3. I just checked that, and apparently this is caused by a bug when using this module without fftw. This should be fixed soon,
but as an alternative this module should work if you switch fftw on (just add <I PROPERTY="USEFFT" VALUE="FFTW"/>
to you session file, if the code was compiled with support to fftw).
4. I think there is some work towards a developer guide, but I don't how advanced is the progress on that. I am sure Spencer will
be able to provide you with more information on that.
Cheers,
Douglas
________________________________________
From: Asim Onder <
ceeao@nus.edu.sg>
Sent: 17 March 2016 09:10
To: Serson, Douglas; Sherwin, Spencer J
Cc: nektar-users; Moxey, David
Subject: Re: [Nektar-users] Parallel transposition not implemented yet for 3D-Homo-2D approach
Hi Spencer, Douglas,
Thanks to your suggestions I managed to get the turbulent regime for the
oscillatory channel flow.
I have now completed the DNS study for one case, and built up a large
database with checkpoint (*chk) files. I would like to calculate
turbulent statistics using this database, especially for second order
terms, e.g. Reynolds stresses and turbulent dissipation, and third order
terms, e.g. turbulent diffusion terms. However, I am a little bit
confused how I could achieve this. I would appreciate if you could give
some hints about the following:
1. The only way I could think of to calculate turbulent statistics is to
write a simple bash script to iterate over chk files, and apply various
existing/extended FieldConvert operations on individual chk files. This
would require some additional storage to store the intermediate steps,
and therefore would be a bit cumbersome. Would it be any simpler way
directly doing this directly in Nektar++?

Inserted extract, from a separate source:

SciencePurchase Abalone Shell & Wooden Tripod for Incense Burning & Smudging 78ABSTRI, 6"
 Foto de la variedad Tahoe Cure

2. I have one homogeneous direction, for which I used Fourier
expansions. I would like to apply spatial averaging over this
homogeneous direction. Does Nektar++ already contain such functionality?
3. I want to use 'wss' in Fieldconvert module to calculate wall shear
stress. However, it returns segmentation fault. Any ideas why it could be?
4. I was wondering if there is any introductory document for basic
programming in Nektar++. User guide does not contain information about
programming. It would be nice to have some additional information to
Doxygen documentation.
Thank you very much in advance for your feedback.
Cheers,
Asim
On 02/15/2016 11:59 PM, Serson, Douglas wrote:
Hi Asim,
As Spencer mentioned, svv can help in stabilizing your solution. You can find information on how to set it up in the user guide (pages 92-93), but basically all you need to do is use:
<I PROPERTY="SpectralVanishingViscosity" VALUE="True"/>
You can also tune it by setting the parameters SVVCutoffRatio and SVVDiffCoeff, but I would suggest starting with the default parameters.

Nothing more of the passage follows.